I’m curious about two things:
- Why do I have to login twice, once after ‘Initializing remote run’ log, and then again after ‘Copying package’ log?
- I have set up my remotes in the guild/config.yml to have a timeout of 100 seconds for both the jump host and the second step connection. However, from the trace it seems that the guild/config.yml timeout is not properly read?
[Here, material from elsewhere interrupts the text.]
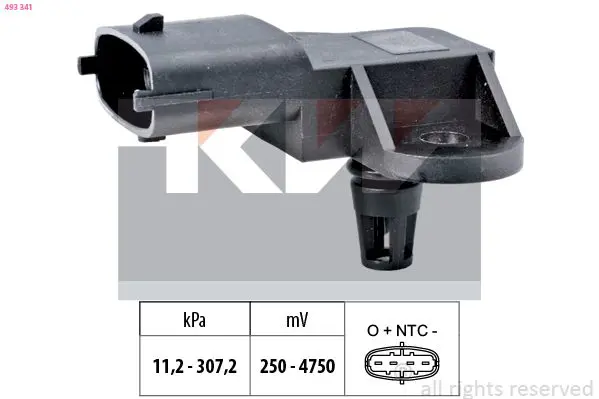 Handler.Part Sensor, intake manifold pressure KW 493341 1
This is the guild/config.yml:
remotes:
[remote-name]:
type: ssh
host: [workstation]
proxy: ssh -oConnectTimeout=100 -W %h:%p [user]@[jump host]
connect-time: 100
user: [user]
conda-env: ~/anaconda3/envs/time-gop
init: source ~/anaconda3/etc/profile.d/conda.sh | guild -H ~/projects/protime-gop
the obvious reason would be that the connection times out, as per the error log. However, the config timeout value doesn’t seem to actually change the value invoked with the remote command.
Have I made a mistake while creating my guild/config.yml? Or it is a bug? Or maybe some other reason?